Der gute Wille. Der Weihnachtsfeier zweiter Teil.

Da saß ich nun, in dieser Bar mit seltsamer Musik und versuchte meinen Ärger mit Obstler auf Kosten der Agentur zu ertränken. Das klappte eher mäßig, weil es Birnen-Obstler gab. Ich hasse Birnen.

Als ich so dasaß und mich eher schlecht als recht amüsierte, kam mein Teamkollege vorbei. Er war erst später zu uns gestoßen aufgrund eines familiären Termins (lies: Weihnachtsessen bei einer nicht besonders wohlgelittenen Schwester). Wir unterhielten uns über Dinge, für die während der Arbeit manchmal keine Zeit ist - zum Beispiel die Familie:

"Ich habe so den Eindruck, dass bei asiatischen Familien der Zusammenhalt irgendwie viel stärker ist als zum Beispiel hier."

Nun, das konnte ich bestätigen - das hat aber nicht nur positive Seiten. Manchmal scheint mir, als ob auch die soziale Kontrolle viel stärker ist und dass man sich immer beobachtet fühlen muss. Zumindest war das mein Eindruck in der vietnamesischen Community. Er fragte mich ein wenig über meine Familienverhältnisse aus: Wie es zum Beispiel ist, in einer WG mit den Brüdern zu leben (etwas, das viele viele meiner Bekannten und Freunde niemals tun könnten - da gäbe es Tote), wie das mit Verwandtschaft ist und vieles mehr.

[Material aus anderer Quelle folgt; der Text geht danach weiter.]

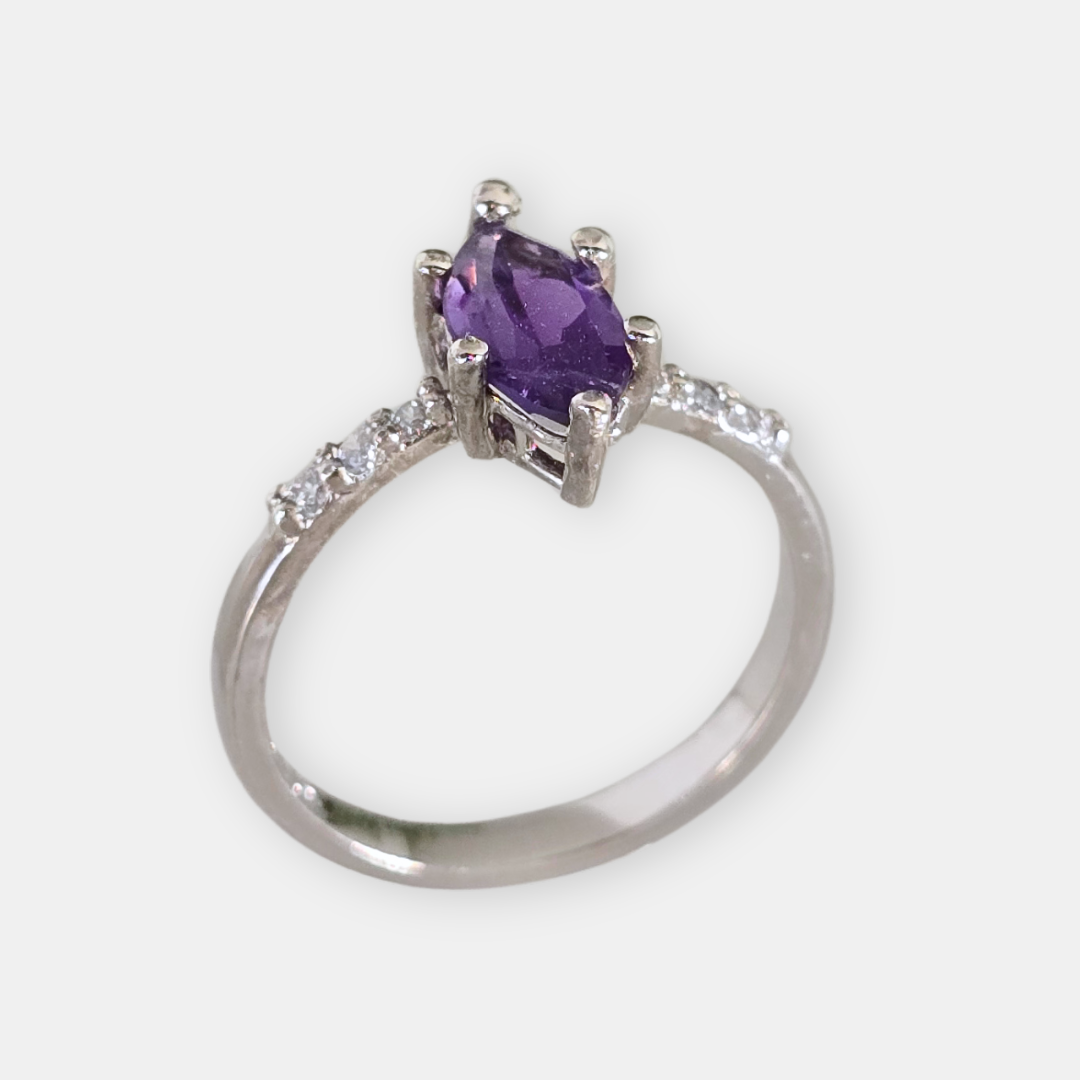 Anillo Aurora - Amatista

Ich wurde innerlich ein bisschen lockerer. Die Ablenkung von der hässlichen Begebenheit tat mir gut und Leuten Sachen erklären kommt meinem Klugscheißer-Naturell entgegen. Er sprach mich auf meinen Blog an:

"Ich habe jetzt mal deinen Blog gelesen und finde ihn - bis auf die Nagellacksachen - echt gut. Jetzt verstehe ich auch endlich, was es mit den Bananen auf sich hat."

In meiner Schublade im Büro liegt nämlich ein kleiner Bananenstempel, den ich mir in Japan gekauft habe. Damit verziere ich gerne Geburtstags- und Glückwunschkarten meiner BürokollegInnen. Bananen pflastern meinen Weg...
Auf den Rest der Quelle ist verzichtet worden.